Ingredients

2

tablespoons olive oil

2

onions, diced (about 3 cups)

2

carrots, diced (about 1 cup)

1

teaspoon salt

1

lb lean (at least 80%) ground beef

1/4

cup canned Muir Glen™ organic tomato paste

1

can (28 oz) Muir Glen™ organic fire roasted diced tomatoes, undrained

1

carton (32 oz) Progresso™ beef broth

1/2

teaspoon crushed red pepper flakes

2

teaspoons Italian seasoning

1

lb uncooked spaghetti

1/2

cup shredded Parmesan cheese

1/4

cup thinly sliced fresh basil leaves

Preparation

In Dutch oven, heat oil over medium-high heat until hot. Cook onions, carrots and salt in oil 5 to 8 minutes or until softened. Add beef; cook 5 to 8 minutes, stirring frequently, until browned.

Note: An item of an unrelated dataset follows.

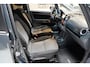 Mitsubishi Colt 1.3 Edition Two | AUTOMAAT | ACHTERUITRIJC. | NAVI | NAP | AIRCO | APK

Stir in tomato paste and tomatoes. Stir in broth, pepper flakes and Italian seasoning; heat to simmering. Break pasta in half, then thoroughly rinse under cold water. Tuck pasta into simmering liquid, covering completely. Reduce heat to medium-low; cook 13 to 15 minutes or until pasta is soft and sauce is reduced slightly.

Top with Parmesan cheese and basil.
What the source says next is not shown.